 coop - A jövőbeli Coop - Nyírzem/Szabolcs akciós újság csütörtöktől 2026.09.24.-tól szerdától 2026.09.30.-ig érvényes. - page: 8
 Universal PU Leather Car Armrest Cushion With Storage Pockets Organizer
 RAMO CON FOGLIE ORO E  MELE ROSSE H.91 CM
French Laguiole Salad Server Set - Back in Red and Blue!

= = = = = = =

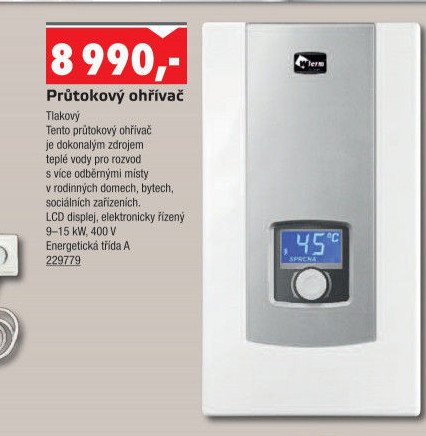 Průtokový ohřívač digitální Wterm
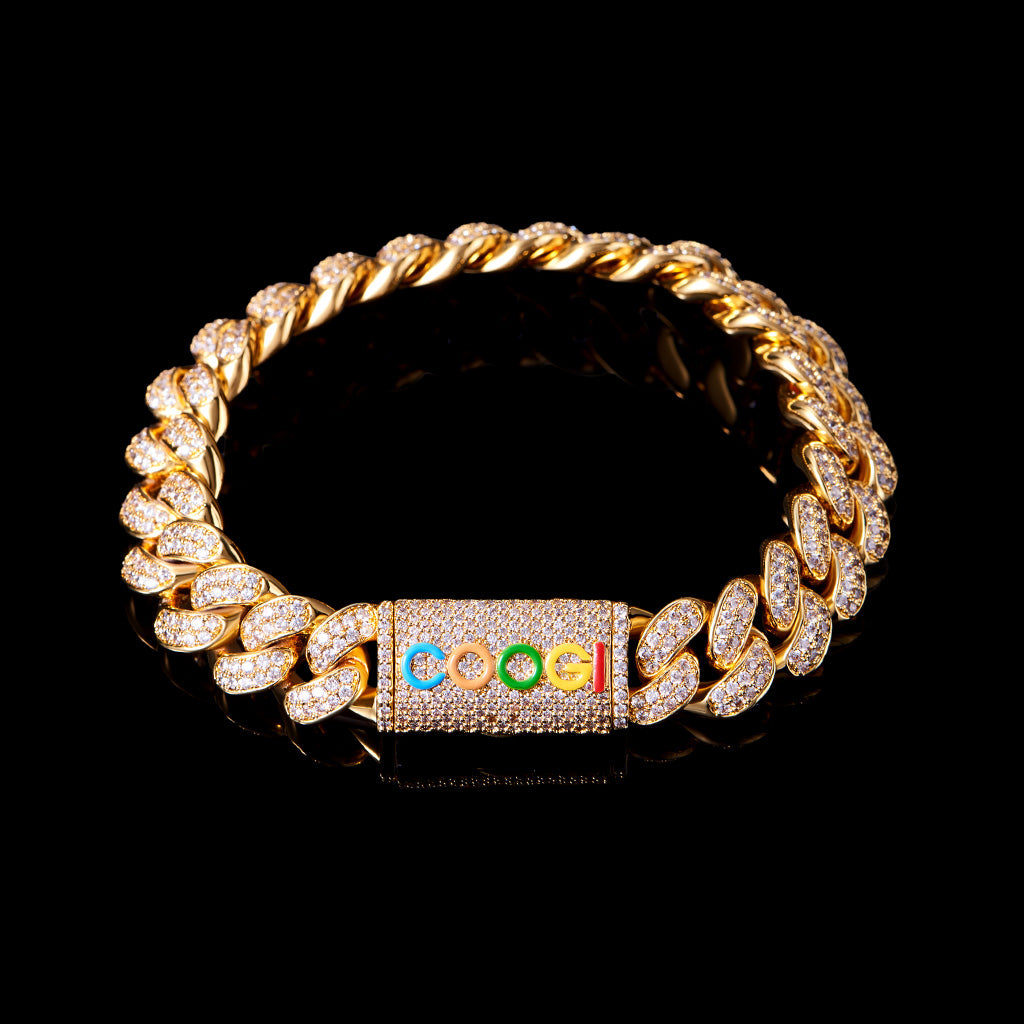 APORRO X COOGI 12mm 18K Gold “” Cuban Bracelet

= = = = = = =

## ASSIGNMENT
A word-for-word reproduction is needed of the lines above from the line containing "Průtokový ohřívač digitální Wterm" through the line containing "APORRO X COOGI", with both ends kept and no pictures.

## RESPONSE
 Průtokový ohřívač digitální Wterm
 APORRO X COOGI 12mm 18K Gold “” Cuban Bracelet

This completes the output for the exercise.